_AIM OF THE EXERCISE:_ Below are some records: retype them all exactly, but not the pictures.

-- Opening Marker --

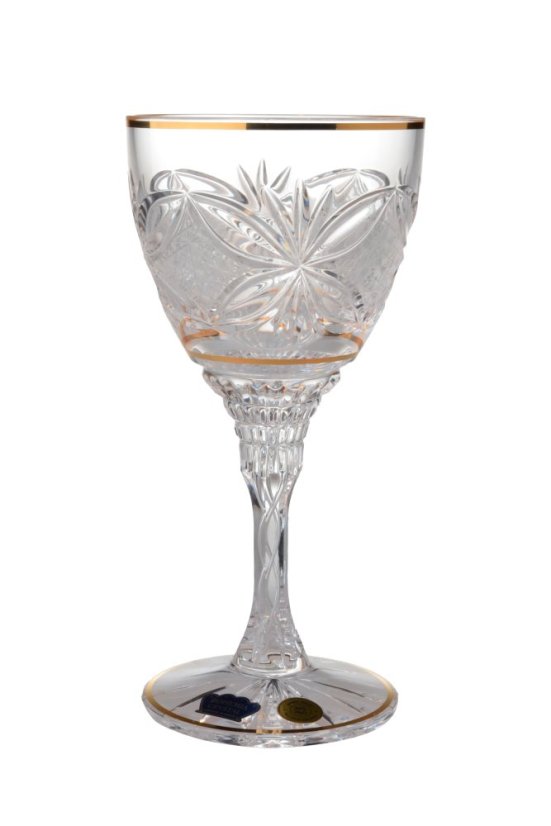 Broušená zlacená sklenice 180 ml, Glamour Crystal, 2 ks Broušená zlacená sklenice 180 ml, Glamour Crystal, 2 ks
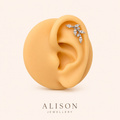 Stainless Steel Two-Tone Crystal Leaf Cartilage Stud Earrings -PAIR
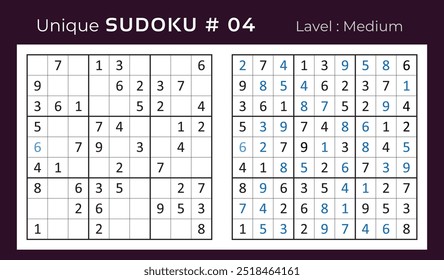 Diseño de Vector de juego de rompecabezas de sudoku con respuesta. Mediano nivel 9 × 9 cuadrícula sudoku juego de lógica.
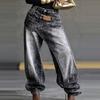 Jeans Damen Vintage Weite Hosen Denims Gewaschen Streetwear Patchwork Flicken Gerade Hosen Used Look Bodenlang 2026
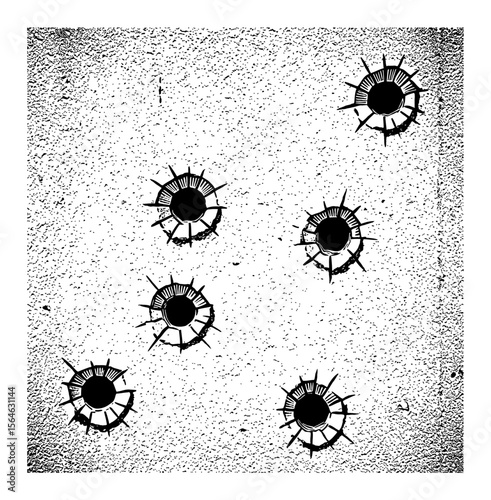 Multiple Bullet Hole Decals Damage on a Textured Concrete Wall Black and White Outline Line Art Drawing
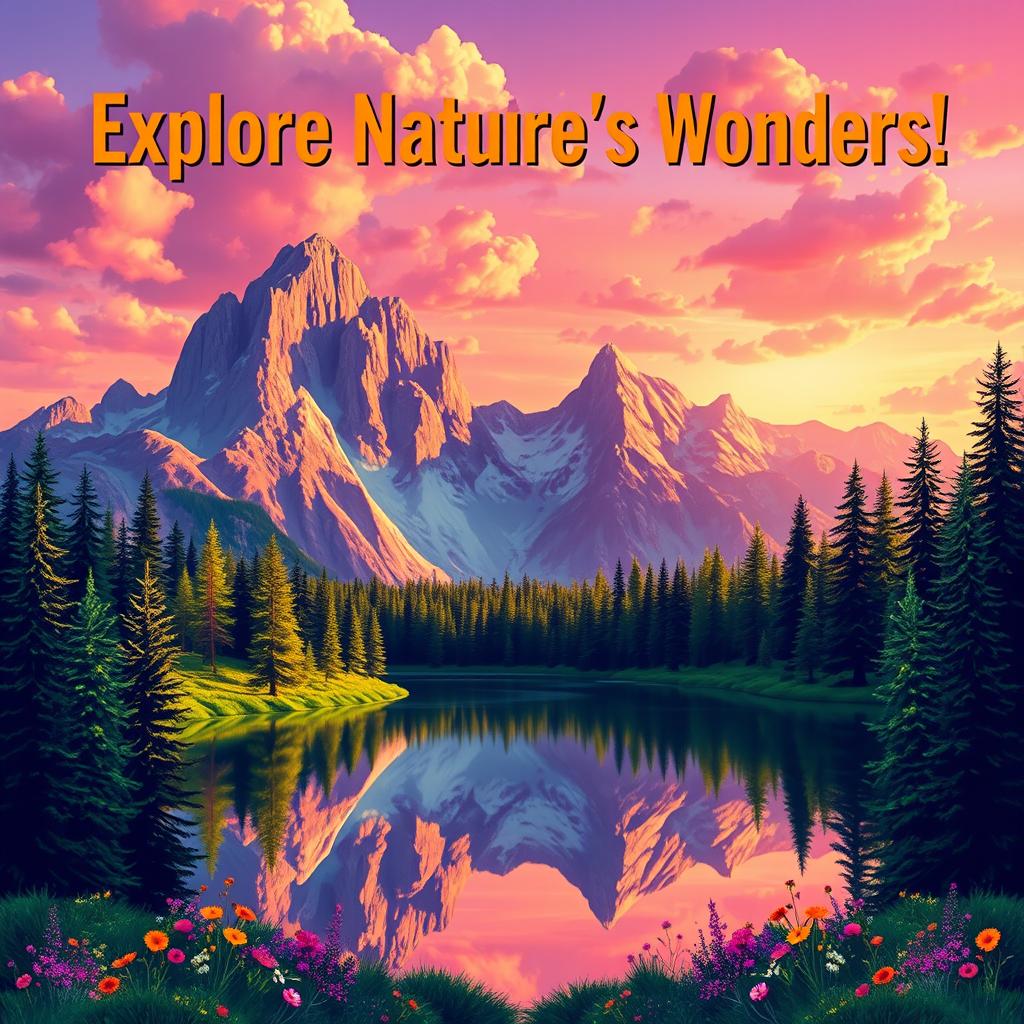 A vibrant and eye-catching poster featuring a stylized representation of a serene mountain landscape during sunrise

-- Closing Marker --

_COMPLETED EXERCISE:_
 Broušená zlacená sklenice 180 ml, Glamour Crystal, 2 ks Broušená zlacená sklenice 180 ml, Glamour Crystal, 2 ks
 Stainless Steel Two-Tone Crystal Leaf Cartilage Stud Earrings -PAIR
 Diseño de Vector de juego de rompecabezas de sudoku con respuesta. Mediano nivel 9 × 9 cuadrícula sudoku juego de lógica.
 Jeans Damen Vintage Weite Hosen Denims Gewaschen Streetwear Patchwork Flicken Gerade Hosen Used Look Bodenlang 2026
 Multiple Bullet Hole Decals Damage on a Textured Concrete Wall Black and White Outline Line Art Drawing
 A vibrant and eye-catching poster featuring a stylized representation of a serene mountain landscape during sunrise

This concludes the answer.